Data Exploration: Begin by exploring the dataset. What are the different topics/categories present in the dataset? What is the distribution of articles across these topics?

Bag-of-Words (BoW): Implement a Bag-of-Words (BoW) model using Count Vectorizer or TF-IDF to transform the text data into numerical features. Discuss the advantages and limitations of Bow in this context. Apply both unigram and bigram techniques and compare their effects on classification accuracy.

N-grams: Explore the use of N-grams (bi-grams, tri-grams) in feature engineering. How do different N-gram ranges impact the performance of the classification model?

TF-IDF: Apply TF-IDF (Term Frequency-Inverse Document Frequency) to the text data. Describe how TF-IDF works and its significance in capturing the importance of words across documents. Compare the results of TF-IDF with the BoW approach.

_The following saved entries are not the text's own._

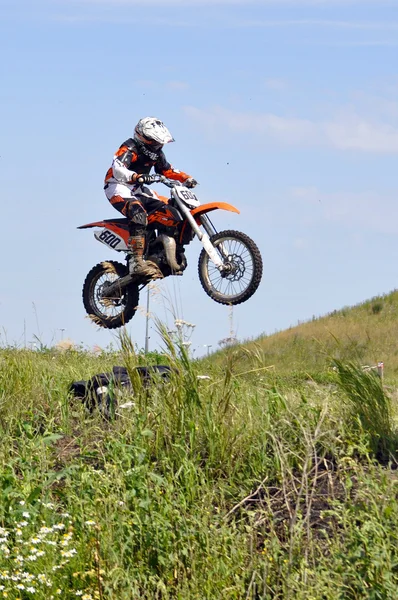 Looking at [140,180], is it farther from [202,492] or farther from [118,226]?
[202,492]

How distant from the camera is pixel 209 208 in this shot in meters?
12.0

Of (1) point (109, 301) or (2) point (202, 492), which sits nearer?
(2) point (202, 492)

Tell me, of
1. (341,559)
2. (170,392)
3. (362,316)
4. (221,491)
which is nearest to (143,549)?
(221,491)

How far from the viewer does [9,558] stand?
5.46 metres

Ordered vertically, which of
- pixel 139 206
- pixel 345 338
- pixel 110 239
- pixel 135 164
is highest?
pixel 135 164

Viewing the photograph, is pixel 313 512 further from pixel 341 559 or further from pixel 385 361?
pixel 385 361

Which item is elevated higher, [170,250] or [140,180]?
[140,180]

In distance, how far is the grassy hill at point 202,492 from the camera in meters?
4.89

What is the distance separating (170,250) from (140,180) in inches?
36.4

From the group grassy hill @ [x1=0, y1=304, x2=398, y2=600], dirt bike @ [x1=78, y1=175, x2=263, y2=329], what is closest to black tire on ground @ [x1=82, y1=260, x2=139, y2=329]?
dirt bike @ [x1=78, y1=175, x2=263, y2=329]

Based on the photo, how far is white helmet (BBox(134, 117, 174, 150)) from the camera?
11.9 metres

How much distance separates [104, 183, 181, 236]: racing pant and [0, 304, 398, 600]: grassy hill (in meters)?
4.71

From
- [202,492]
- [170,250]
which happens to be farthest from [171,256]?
[202,492]

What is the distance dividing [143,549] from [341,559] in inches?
42.3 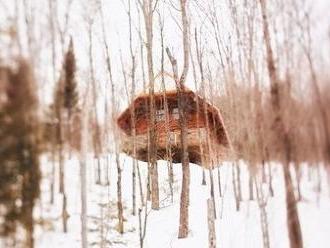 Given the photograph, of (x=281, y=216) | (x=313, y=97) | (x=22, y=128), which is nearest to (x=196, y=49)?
(x=281, y=216)

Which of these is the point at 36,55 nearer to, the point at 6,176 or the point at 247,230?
the point at 6,176

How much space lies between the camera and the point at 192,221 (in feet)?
52.6

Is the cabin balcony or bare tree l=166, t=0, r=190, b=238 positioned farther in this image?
the cabin balcony

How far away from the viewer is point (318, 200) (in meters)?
8.69

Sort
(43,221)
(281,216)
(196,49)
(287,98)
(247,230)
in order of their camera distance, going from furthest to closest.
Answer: (196,49) < (247,230) < (281,216) < (287,98) < (43,221)

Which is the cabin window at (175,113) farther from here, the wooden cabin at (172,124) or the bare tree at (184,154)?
the bare tree at (184,154)

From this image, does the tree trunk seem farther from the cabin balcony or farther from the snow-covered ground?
the cabin balcony

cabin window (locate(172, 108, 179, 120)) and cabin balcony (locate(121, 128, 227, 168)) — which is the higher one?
cabin window (locate(172, 108, 179, 120))

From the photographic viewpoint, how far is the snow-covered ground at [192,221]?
8828mm

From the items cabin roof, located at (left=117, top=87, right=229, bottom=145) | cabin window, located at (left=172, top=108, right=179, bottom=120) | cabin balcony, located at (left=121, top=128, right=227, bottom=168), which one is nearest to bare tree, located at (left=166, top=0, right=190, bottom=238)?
cabin roof, located at (left=117, top=87, right=229, bottom=145)

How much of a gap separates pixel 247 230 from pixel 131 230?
5165mm

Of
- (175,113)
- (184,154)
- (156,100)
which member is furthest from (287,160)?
(156,100)

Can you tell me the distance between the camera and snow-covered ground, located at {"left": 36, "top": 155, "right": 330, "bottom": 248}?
8.83 metres

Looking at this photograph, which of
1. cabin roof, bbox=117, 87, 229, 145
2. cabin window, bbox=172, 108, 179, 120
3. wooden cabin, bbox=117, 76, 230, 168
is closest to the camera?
cabin roof, bbox=117, 87, 229, 145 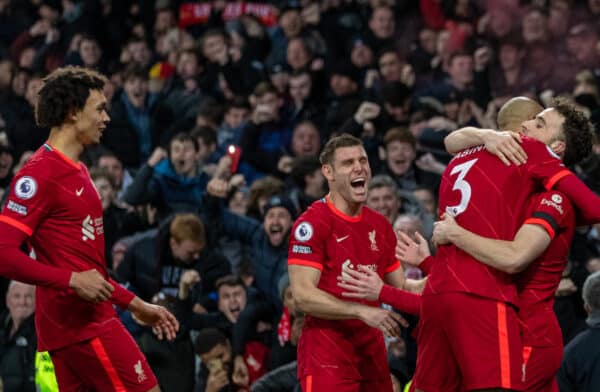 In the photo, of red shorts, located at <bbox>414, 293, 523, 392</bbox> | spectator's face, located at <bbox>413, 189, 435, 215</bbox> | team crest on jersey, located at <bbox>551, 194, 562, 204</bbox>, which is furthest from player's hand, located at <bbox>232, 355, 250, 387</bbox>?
team crest on jersey, located at <bbox>551, 194, 562, 204</bbox>

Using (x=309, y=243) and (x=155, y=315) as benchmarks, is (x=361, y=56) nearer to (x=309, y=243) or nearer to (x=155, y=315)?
(x=309, y=243)

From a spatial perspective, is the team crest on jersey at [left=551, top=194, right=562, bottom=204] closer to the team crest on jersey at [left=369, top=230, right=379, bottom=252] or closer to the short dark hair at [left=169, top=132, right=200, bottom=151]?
the team crest on jersey at [left=369, top=230, right=379, bottom=252]

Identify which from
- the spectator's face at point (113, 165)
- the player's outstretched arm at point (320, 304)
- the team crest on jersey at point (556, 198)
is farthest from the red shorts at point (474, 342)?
the spectator's face at point (113, 165)

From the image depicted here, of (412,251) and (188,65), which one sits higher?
(188,65)

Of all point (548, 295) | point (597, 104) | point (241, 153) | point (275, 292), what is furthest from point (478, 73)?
point (548, 295)

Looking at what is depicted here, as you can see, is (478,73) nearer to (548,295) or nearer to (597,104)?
(597,104)

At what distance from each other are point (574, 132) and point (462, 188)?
0.66m

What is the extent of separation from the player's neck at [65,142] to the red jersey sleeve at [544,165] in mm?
2300

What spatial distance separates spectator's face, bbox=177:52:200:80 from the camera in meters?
13.2

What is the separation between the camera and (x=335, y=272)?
622cm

One-Hot Encoding: Investigate the application of One-Hot Encoding to encode categorical variables or labels. Can One-Hot Encoding be used directly for text classification? Why or why not?

Deliverables:

Present insights gathered from data exploration and discuss the impact of different feature engineering techniques (BoW, N-grams, TF-IDF, One-Hot Encoding). Provide recommendations for the best feature engineering strategy.

In [43]:
import pandas as pd
from sklearn.model_selection import train_test_split
from sklearn.feature_extraction.text import CountVectorizer, TfidfVectorizer
from sklearn.naive_bayes import MultinomialNB
from sklearn.metrics import accuracy_score, classification_report

# Load the dataset
df = pd.read_csv('abcnews-date-text.csv')

# Split the data into training and testing sets
train_data, test_data, train_labels, test_labels = train_test_split(
    df['headline_text'], df['publish_date'], test_size=0.2, random_state=42
)

# Bag-of-Words (BoW) with Count Vectorizer (Unigrams)
count_vectorizer = CountVectorizer()
X_train_count = count_vectorizer.fit_transform(train_data)
X_test_count = count_vectorizer.transform(test_data)

# Bag-of-Words (BoW) with Count Vectorizer (Bigrams)
bigram_vectorizer = CountVectorizer(ngram_range=(2, 2))
X_train_bigram = bigram_vectorizer.fit_transform(train_data)
X_test_bigram = bigram_vectorizer.transform(test_data)

# Bag-of-Words (BoW) with TF-IDF Vectorizer (Unigrams)
tfidf_vectorizer = TfidfVectorizer()
X_train_tfidf = tfidf_vectorizer.fit_transform(train_data)
X_test_tfidf = tfidf_vectorizer.transform(test_data)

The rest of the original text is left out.